--- Recorded information ---

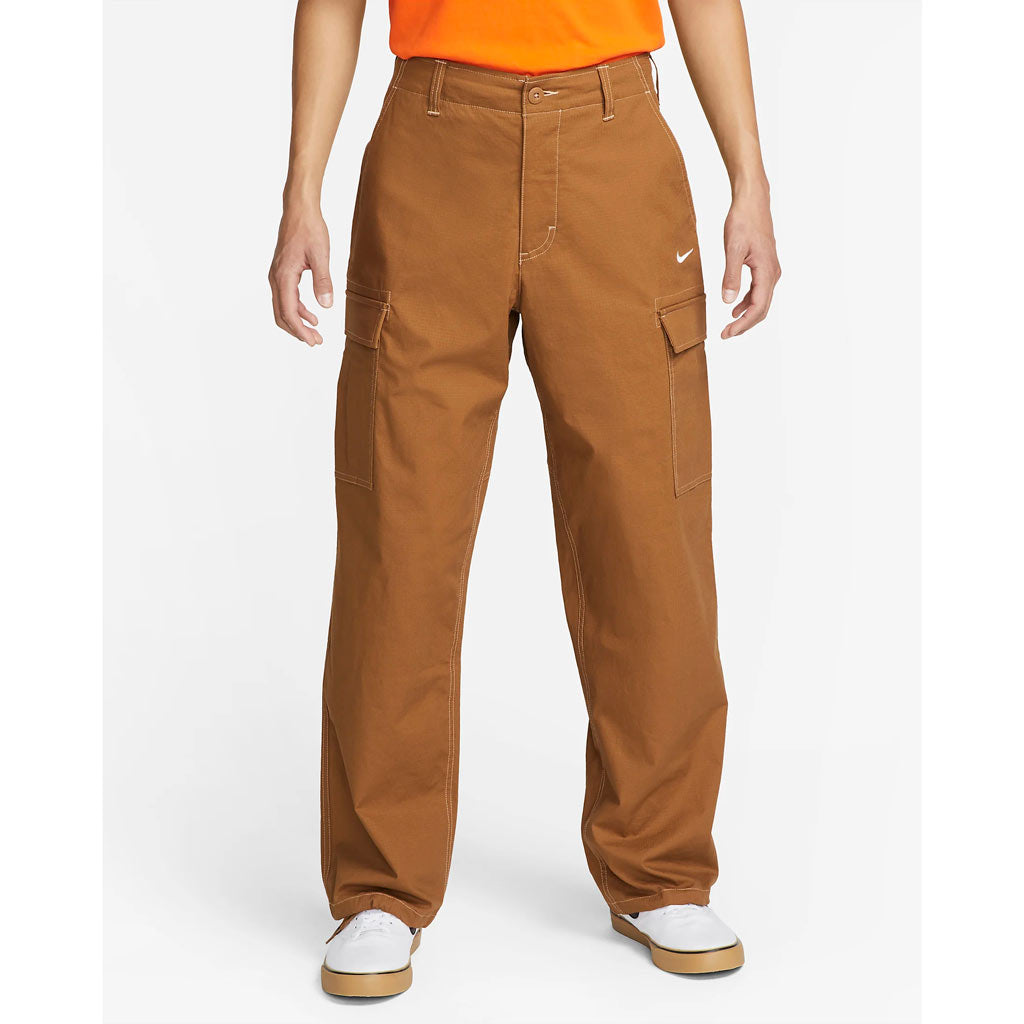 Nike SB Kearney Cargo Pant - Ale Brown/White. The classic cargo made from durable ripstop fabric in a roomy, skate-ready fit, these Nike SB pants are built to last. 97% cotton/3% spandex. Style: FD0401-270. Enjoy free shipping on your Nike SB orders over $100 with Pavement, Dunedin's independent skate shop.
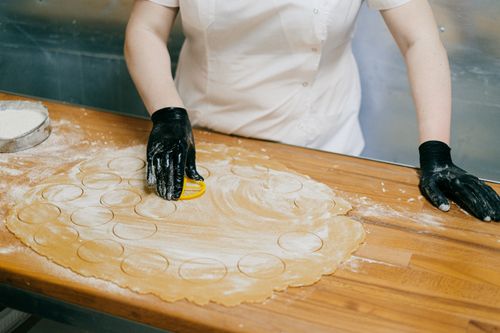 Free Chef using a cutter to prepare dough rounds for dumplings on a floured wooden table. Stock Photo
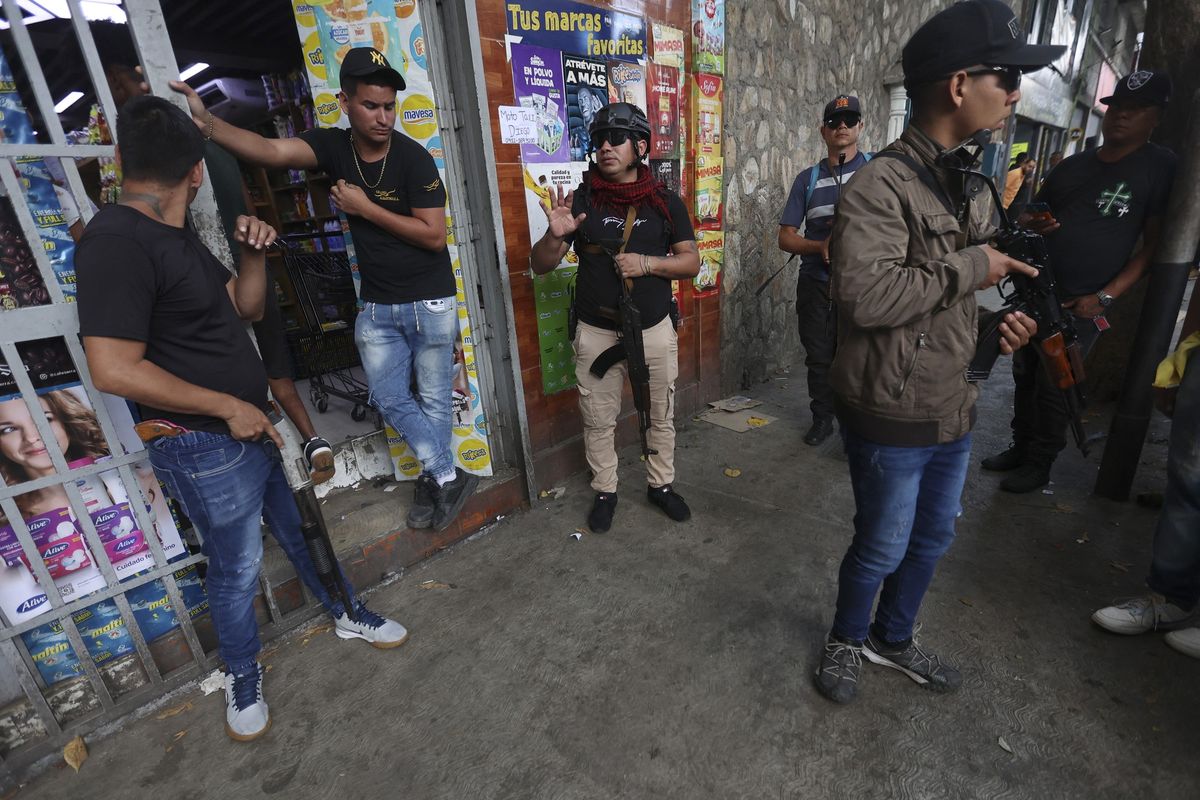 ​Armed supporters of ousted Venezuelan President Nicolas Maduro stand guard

---

* _Task_: Print the material above once more, exactly. No pictures belong in it.

* _Response to this exercise_:
 Nike SB Kearney Cargo Pant - Ale Brown/White. The classic cargo made from durable ripstop fabric in a roomy, skate-ready fit, these Nike SB pants are built to last. 97% cotton/3% spandex. Style: FD0401-270. Enjoy free shipping on your Nike SB orders over $100 with Pavement, Dunedin's independent skate shop.
 Free Chef using a cutter to prepare dough rounds for dumplings on a floured wooden table. Stock Photo
 ​Armed supporters of ousted Venezuelan President Nicolas Maduro stand guard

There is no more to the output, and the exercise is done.